Research directions may include:
- Developing automated DFT / ML workflows for mechanistic studies of photoredox, organometallic, and radical catalytic reactions.
- Building predictive models that connect quantum-chemical descriptors, catalyst structure, substrate scope, selectivity, and reaction performance.
- Applying AIMNet2 and related ML/QM methods to accelerate conformer search, reaction-path exploration, catalyst screening, and high-throughput mechanistic modeling.
- Designing closed-loop computational-experimental campaigns for transition metal catalysis, polymer synthesis, and related catalytic transformations.
- Creating reusable, open, well-documented software workflows for reaction data generation, curation, featurization, and model deployment.
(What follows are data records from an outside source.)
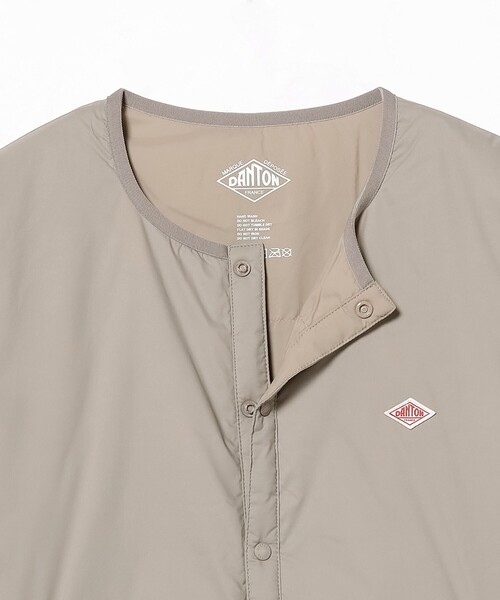 DANTON（ダントン）の「DANTON / INSULATION COLLARLESS JACKET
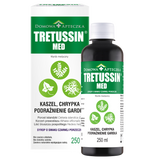 Tretussin Med, syrop, smak czarnej porzeczki, 250 ml USZKODZONE OPAKOWANIE - miniaturka zdjęcia produktu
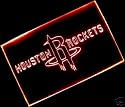 NBA-Houston Rockets Team Logo Neon Light Sign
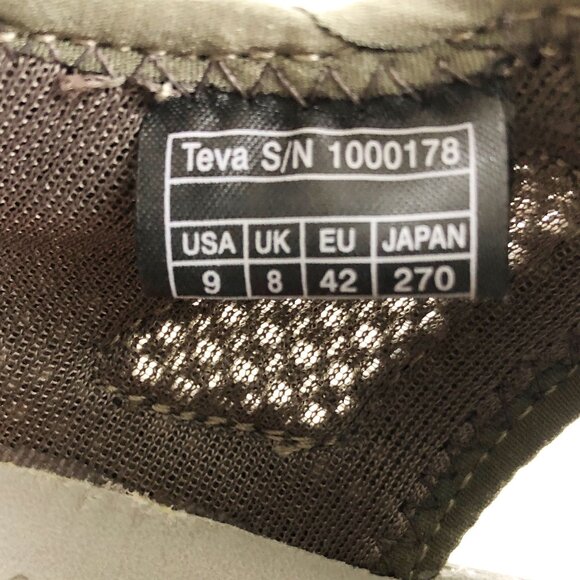 TEVA Churnium Technical Water Multisport Outdoor Sandal 1000178 in Brown 9 - Picture 11 of 11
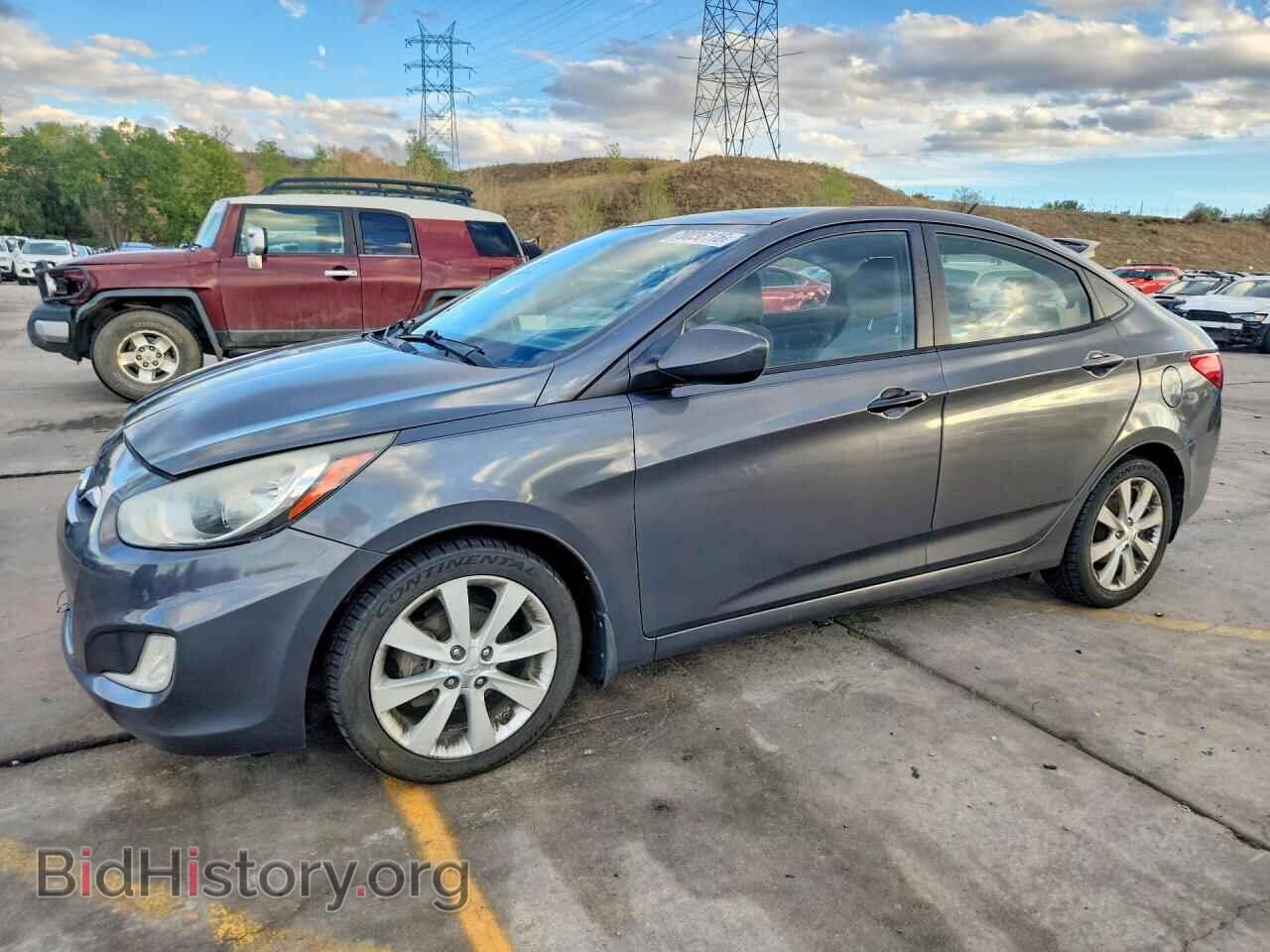 Photo KMHCU4AE0DU379904 - HYUNDAI ACCENT 2013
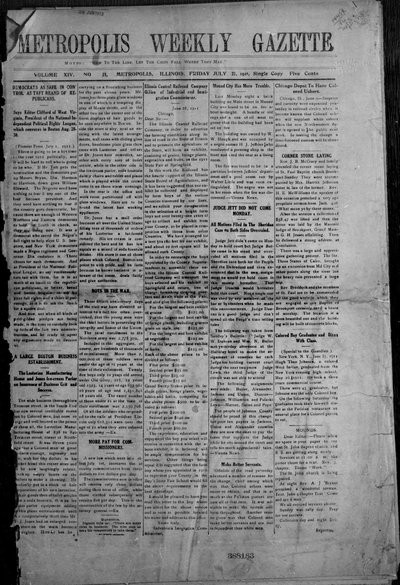 Metropolis Weekly Gazette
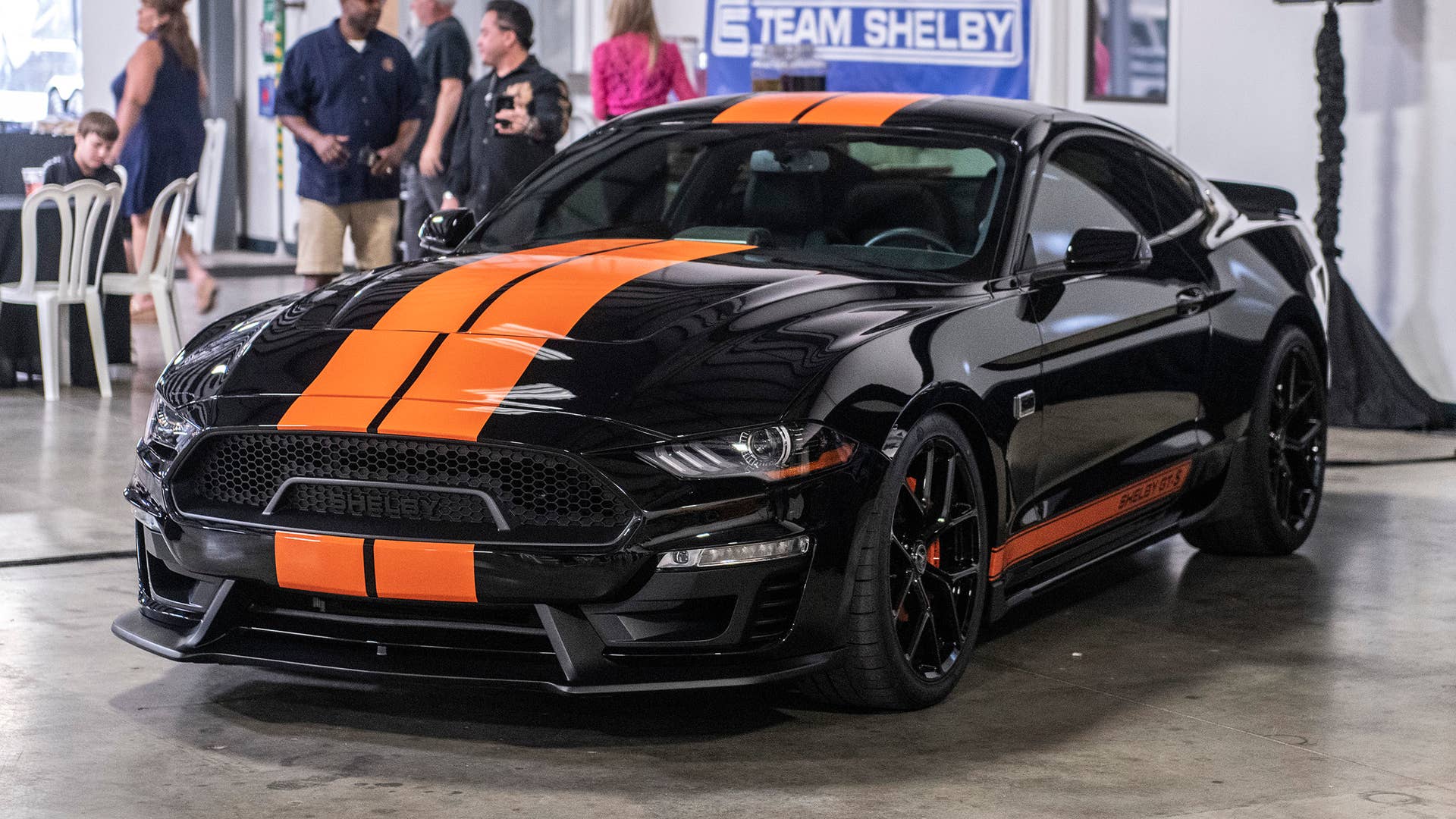 2019 Shelby GT-S Rental Car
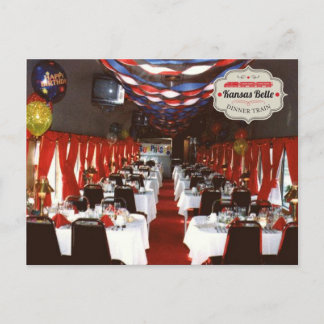 Kansas Belle - Maple Creek Briefkaart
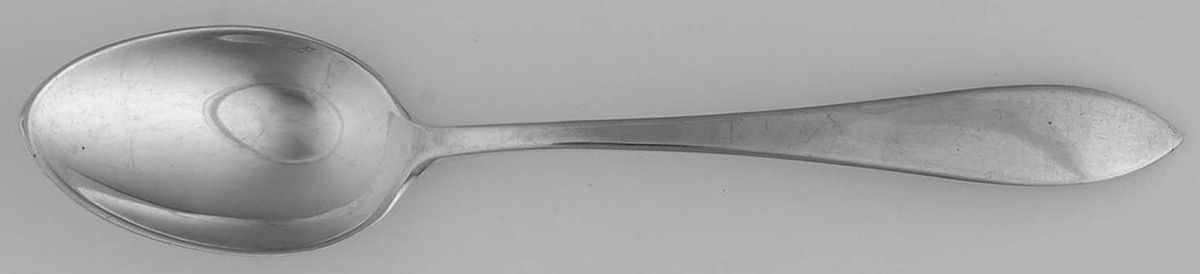 Pointed (Sterling, 1800) Demitasse Spoon by Porter Blanchard-1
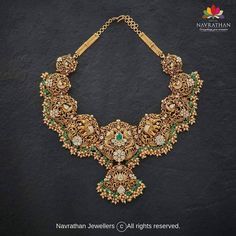 Lakshmi Haram, Gold Haram, Classic Jewellery, Trendy Jewellery, Gold Temple Jewellery, Gold Bridal Necklace, Antique Necklaces Design, Sabyasachi Jewellery, Antique Gold Jewelry Indian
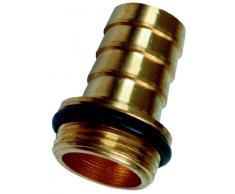 Cornat Vaterteil AG 1 1/2 für Wasserschläuche, mit O-Ring, Messing / Garten Bewässerung / FLOR92747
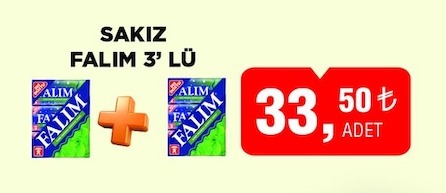 Falım Sakız 3'Lü Paket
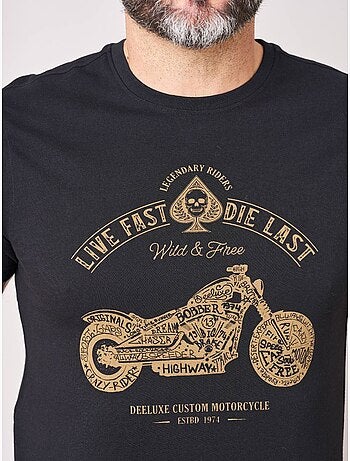 T-shirt homme en 100% coton 'Deeluxe'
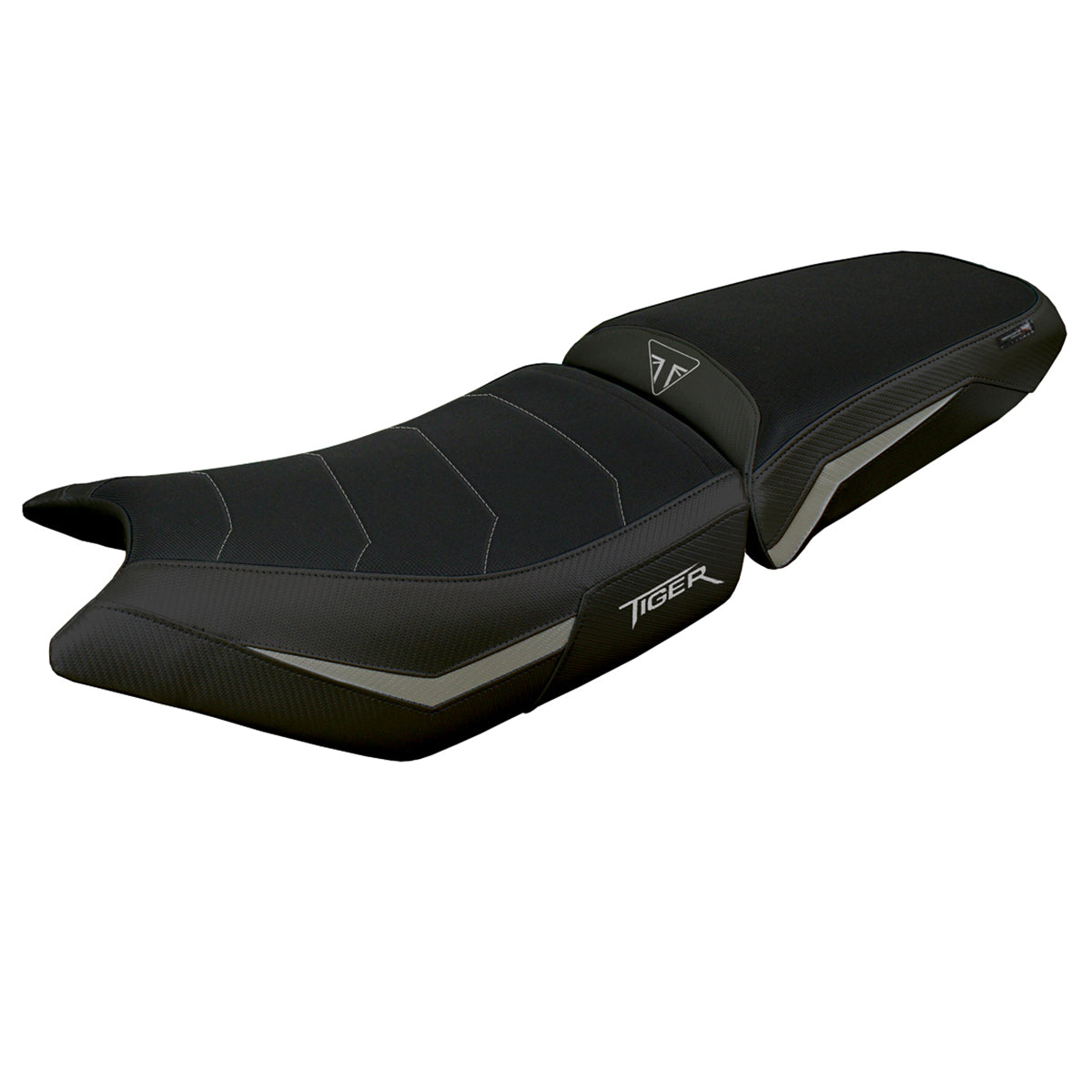 Tappezzeria Italia Triumph Tiger 900 2024-2025 Seat Cover Comfort Grey Black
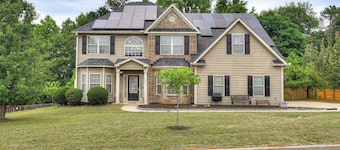 Prime 5BR Location Near Augusta National & Fort Gordon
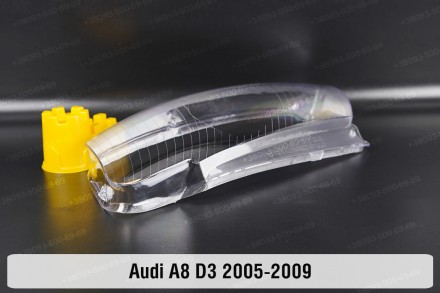 Стекло на фару Audi A8 D3 (2005-2009) II поколение рестайлинг левое.
В наличии с. . фото 8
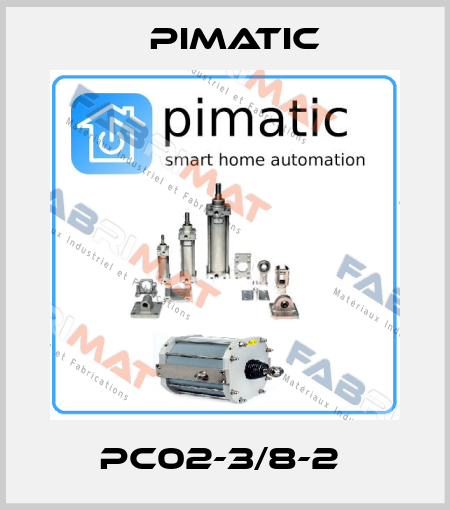 PC02-3/8-2  Pimatic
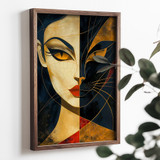 Dekorativna uokvirena MDF slika TUN079-XL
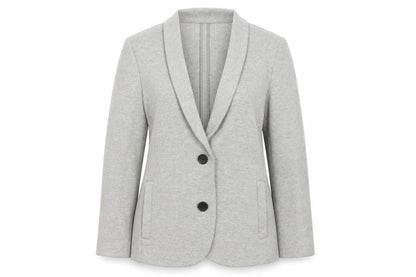 Womens UK Size 12 Gap Regular Grey Blazer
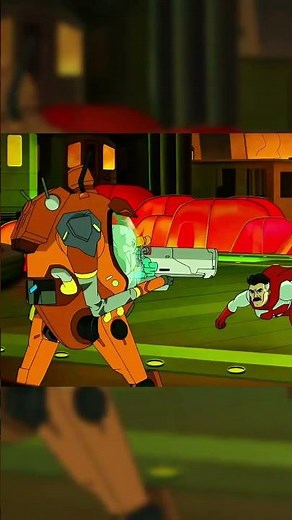 Omni-man destroys alternate earth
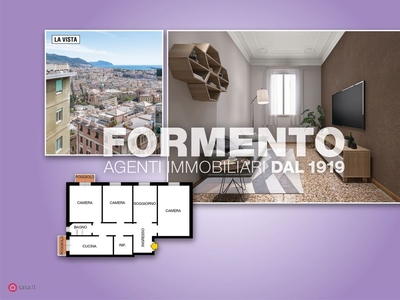 Appartamento in Vendita in Via Mura Di San Bernardino a Genova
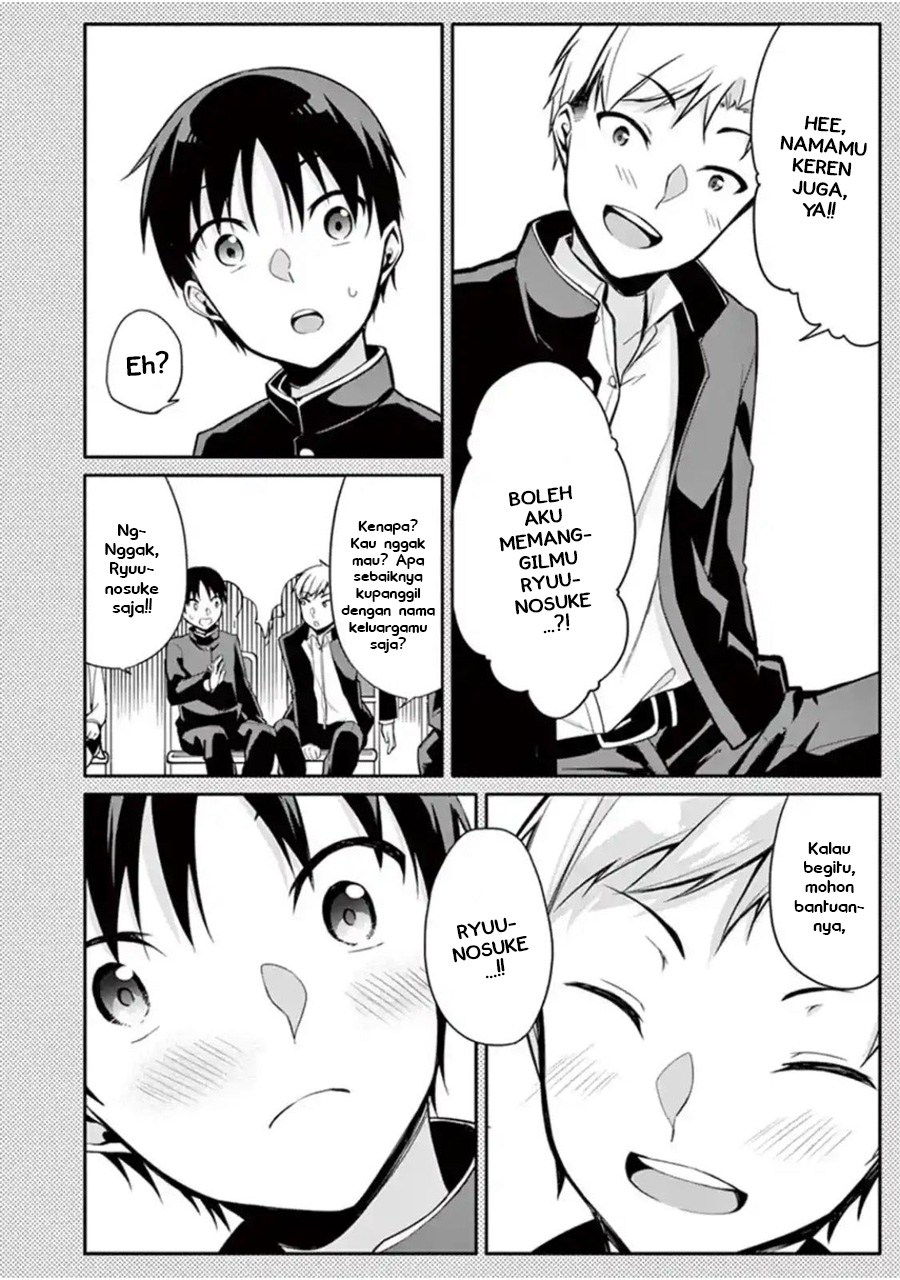 Jubunnoichi no Hanayome chapter 16 halaman 8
- Collaborating with experimental groups at CMU and external partners to convert mechanistic hypotheses into experimentally testable predictions.
Qualifications:
Desired background:
- Ph.D. in chemistry, chemical engineering, materials science, or a related field.
- Strong experience in computational reaction mechanisms, especially DFT studies of organic, organometallic, photoredox, radical, or homogeneous catalytic systems.
- Fluency with Python and modern scientific computing workflows; experience with Git, HPC clusters, SLURM, Gaussian, ORCA, Q-Chem, xTB, RDKit, ASE, or related tools is highly valued.
- Interest in machine learning, statistical modeling, active learning, descriptor development, or data-driven reaction prediction.
- Ability to work closely with experimental collaborators and communicate mechanistic insight clearly.